Records drawn from a dataset:
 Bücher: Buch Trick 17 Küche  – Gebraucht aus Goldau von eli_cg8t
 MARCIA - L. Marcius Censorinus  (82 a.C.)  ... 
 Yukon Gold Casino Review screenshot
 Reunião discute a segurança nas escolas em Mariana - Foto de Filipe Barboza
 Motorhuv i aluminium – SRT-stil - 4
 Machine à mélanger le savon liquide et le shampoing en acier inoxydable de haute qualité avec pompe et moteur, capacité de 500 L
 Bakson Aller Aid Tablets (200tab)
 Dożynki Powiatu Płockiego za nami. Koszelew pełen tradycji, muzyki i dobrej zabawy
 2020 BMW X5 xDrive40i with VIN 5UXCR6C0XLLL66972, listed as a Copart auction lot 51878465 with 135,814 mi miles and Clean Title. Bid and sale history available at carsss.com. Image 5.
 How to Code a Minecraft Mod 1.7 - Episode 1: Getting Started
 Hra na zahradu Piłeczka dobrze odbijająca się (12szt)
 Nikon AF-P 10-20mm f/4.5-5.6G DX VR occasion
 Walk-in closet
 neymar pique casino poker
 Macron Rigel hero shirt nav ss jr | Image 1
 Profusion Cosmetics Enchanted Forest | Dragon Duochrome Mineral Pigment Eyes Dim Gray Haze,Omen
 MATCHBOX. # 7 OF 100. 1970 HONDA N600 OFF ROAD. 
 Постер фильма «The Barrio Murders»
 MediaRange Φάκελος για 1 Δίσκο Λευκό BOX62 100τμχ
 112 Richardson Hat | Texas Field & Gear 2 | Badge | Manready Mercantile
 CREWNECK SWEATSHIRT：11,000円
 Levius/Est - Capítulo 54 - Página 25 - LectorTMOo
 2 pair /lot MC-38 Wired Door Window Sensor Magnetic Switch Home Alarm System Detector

* [THE PROBLEM] The answer consists of every entry, returned exactly.

* [YOUR SOLUTION]
 Bücher: Buch Trick 17 Küche  – Gebraucht aus Goldau von eli_cg8t
 MARCIA - L. Marcius Censorinus  (82 a.C.)  ... 
 Yukon Gold Casino Review screenshot
 Reunião discute a segurança nas escolas em Mariana - Foto de Filipe Barboza
 Motorhuv i aluminium – SRT-stil - 4
 Machine à mélanger le savon liquide et le shampoing en acier inoxydable de haute qualité avec pompe et moteur, capacité de 500 L
 Bakson Aller Aid Tablets (200tab)
 Dożynki Powiatu Płockiego za nami. Koszelew pełen tradycji, muzyki i dobrej zabawy
 2020 BMW X5 xDrive40i with VIN 5UXCR6C0XLLL66972, listed as a Copart auction lot 51878465 with 135,814 mi miles and Clean Title. Bid and sale history available at carsss.com. Image 5.
 How to Code a Minecraft Mod 1.7 - Episode 1: Getting Started
 Hra na zahradu Piłeczka dobrze odbijająca się (12szt)
 Nikon AF-P 10-20mm f/4.5-5.6G DX VR occasion
 Walk-in closet
 neymar pique casino poker
 Macron Rigel hero shirt nav ss jr | Image 1
 Profusion Cosmetics Enchanted Forest | Dragon Duochrome Mineral Pigment Eyes Dim Gray Haze,Omen
 MATCHBOX. # 7 OF 100. 1970 HONDA N600 OFF ROAD. 
 Постер фильма «The Barrio Murders»
 MediaRange Φάκελος για 1 Δίσκο Λευκό BOX62 100τμχ
 112 Richardson Hat | Texas Field & Gear 2 | Badge | Manready Mercantile
 CREWNECK SWEATSHIRT：11,000円
 Levius/Est - Capítulo 54 - Página 25 - LectorTMOo
 2 pair /lot MC-38 Wired Door Window Sensor Magnetic Switch Home Alarm System Detector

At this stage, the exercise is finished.